According to Atkinson, 2,500 Allied bombers together dropped approximately 11,000 bombs per square mile, making it one of the “greatest concentrations of killing power in the history of warfare.”
The Allies quickly rolled into the breach in German lines in what became known at the breakout at St. Lo.
Operation Cobra was a resounding success for the Allied forces on their path to liberating France in the summer of 1944, and one of the key turning-points in the history of #WWII.
See the battle map from the 15-page special published in our April issue: https://t.co/Sx2k7NInbj
— Military History Matters (@MilHistMag) July 31, 2019
Though the Third Army had not officially come online yet, Patton’s immediate superior, Gen. Omar Bradley, gave the warhorse operational control of the units that would comprise it during closing days of July.
Patton’s forces, numbering close to 150,000 soldiers at this point, moved quickly through the breach and into the French countryside, overtaking tens of thousands of enemy soldiers and liberating thousands of square miles of land in the weeks ahead.

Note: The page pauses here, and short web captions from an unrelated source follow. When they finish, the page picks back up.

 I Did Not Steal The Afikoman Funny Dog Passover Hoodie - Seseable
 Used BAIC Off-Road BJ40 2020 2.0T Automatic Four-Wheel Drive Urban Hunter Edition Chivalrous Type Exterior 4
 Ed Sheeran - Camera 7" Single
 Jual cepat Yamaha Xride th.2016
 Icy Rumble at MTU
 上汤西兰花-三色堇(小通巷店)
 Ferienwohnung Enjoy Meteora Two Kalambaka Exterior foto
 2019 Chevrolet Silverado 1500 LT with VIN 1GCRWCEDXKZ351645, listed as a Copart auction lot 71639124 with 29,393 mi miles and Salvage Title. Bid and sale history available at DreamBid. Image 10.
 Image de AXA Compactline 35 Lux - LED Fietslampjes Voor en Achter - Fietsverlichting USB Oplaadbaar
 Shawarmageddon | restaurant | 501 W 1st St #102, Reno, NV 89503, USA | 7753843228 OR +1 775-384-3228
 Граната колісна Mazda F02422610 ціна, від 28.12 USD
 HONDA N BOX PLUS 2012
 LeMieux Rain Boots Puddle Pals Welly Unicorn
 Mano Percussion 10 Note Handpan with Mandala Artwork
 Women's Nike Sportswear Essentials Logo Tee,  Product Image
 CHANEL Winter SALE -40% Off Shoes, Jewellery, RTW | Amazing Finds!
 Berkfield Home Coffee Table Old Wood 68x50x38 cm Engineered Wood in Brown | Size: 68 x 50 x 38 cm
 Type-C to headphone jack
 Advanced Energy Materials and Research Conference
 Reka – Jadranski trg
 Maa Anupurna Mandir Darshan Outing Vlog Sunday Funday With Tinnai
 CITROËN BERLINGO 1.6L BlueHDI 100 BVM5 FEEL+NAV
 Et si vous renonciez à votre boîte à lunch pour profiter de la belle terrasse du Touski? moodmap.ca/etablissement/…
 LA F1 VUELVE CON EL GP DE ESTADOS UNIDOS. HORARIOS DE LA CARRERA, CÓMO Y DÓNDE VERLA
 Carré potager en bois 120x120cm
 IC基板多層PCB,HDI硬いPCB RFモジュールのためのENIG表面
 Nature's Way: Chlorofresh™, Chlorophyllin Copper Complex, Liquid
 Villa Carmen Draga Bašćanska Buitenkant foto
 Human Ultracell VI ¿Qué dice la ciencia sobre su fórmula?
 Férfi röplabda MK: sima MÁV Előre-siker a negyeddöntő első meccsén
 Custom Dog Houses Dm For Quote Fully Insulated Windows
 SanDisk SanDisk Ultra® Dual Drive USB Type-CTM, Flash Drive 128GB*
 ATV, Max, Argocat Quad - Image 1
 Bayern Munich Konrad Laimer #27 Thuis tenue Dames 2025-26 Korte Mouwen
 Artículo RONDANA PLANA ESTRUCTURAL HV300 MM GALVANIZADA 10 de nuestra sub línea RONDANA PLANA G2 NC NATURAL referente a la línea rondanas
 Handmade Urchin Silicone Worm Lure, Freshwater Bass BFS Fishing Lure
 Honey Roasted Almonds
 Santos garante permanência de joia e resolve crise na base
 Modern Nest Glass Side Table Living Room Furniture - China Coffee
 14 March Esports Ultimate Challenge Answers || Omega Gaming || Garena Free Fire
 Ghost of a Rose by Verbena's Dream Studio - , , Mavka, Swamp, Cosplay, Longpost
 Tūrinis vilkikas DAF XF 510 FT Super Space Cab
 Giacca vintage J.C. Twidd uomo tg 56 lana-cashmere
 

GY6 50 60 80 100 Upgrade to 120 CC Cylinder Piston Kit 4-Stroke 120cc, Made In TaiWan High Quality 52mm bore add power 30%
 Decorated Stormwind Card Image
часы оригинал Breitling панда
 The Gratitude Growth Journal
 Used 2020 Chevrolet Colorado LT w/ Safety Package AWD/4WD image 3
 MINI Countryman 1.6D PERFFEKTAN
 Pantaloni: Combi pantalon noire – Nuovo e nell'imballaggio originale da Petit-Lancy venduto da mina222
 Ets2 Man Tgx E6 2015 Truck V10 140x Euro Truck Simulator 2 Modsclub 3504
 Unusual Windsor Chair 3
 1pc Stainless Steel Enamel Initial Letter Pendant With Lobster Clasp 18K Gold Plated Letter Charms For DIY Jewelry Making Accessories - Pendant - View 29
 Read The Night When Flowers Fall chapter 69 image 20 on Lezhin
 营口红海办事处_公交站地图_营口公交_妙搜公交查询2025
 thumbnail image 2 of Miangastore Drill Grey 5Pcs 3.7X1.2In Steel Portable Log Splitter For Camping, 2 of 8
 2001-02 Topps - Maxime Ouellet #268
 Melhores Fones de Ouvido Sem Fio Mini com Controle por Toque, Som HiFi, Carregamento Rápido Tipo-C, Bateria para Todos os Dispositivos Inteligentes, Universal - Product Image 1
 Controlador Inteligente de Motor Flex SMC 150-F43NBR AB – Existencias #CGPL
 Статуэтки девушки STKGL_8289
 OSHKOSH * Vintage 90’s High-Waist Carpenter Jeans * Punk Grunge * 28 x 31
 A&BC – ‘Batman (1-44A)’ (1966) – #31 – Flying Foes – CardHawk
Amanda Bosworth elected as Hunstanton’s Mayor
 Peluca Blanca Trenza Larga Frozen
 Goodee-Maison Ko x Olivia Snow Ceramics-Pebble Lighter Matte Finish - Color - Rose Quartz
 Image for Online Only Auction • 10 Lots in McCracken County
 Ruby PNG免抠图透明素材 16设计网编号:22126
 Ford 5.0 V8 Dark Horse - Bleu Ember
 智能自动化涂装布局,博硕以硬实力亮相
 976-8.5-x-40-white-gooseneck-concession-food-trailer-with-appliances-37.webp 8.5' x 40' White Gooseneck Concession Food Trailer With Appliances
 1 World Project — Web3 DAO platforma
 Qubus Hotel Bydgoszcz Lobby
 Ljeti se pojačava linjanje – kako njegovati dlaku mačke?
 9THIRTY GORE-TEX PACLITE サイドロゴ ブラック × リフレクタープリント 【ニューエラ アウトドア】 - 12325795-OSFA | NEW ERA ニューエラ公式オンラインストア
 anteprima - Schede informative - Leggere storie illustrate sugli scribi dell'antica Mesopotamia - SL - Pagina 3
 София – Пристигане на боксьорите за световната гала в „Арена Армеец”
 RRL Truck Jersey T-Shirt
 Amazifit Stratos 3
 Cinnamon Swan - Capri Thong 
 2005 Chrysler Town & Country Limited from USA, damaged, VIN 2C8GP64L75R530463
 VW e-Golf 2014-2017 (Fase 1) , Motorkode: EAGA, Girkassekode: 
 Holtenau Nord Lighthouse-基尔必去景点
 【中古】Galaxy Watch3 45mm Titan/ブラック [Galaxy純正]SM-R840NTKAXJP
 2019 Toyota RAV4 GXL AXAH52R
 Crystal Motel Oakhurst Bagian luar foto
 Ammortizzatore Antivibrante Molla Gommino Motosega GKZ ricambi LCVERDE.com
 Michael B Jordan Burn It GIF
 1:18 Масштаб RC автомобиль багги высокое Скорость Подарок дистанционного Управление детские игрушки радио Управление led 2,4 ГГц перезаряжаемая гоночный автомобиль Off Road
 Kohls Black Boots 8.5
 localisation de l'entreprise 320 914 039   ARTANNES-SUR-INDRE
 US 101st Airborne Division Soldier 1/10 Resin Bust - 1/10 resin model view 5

75 years ago, U.S. Operation Cobra was underway. Beginning 7 weeks after D-Day, it was a decisive moment in the collapse of Germany’s position in Normandy and the eventual liberation of Europe. pic.twitter.com/zpNnJWBc4y
— Ambassador Johnson (@USAmbUK) July 28, 2019
The Third made amazing strides rolling eastward toward the German border. By the end of August, the unit marched four hundred miles through central France as other Allied armies to the north also made strong advances east.
“When the Americans do break out with the mechanized forces, they really will explode across France,” Crane said.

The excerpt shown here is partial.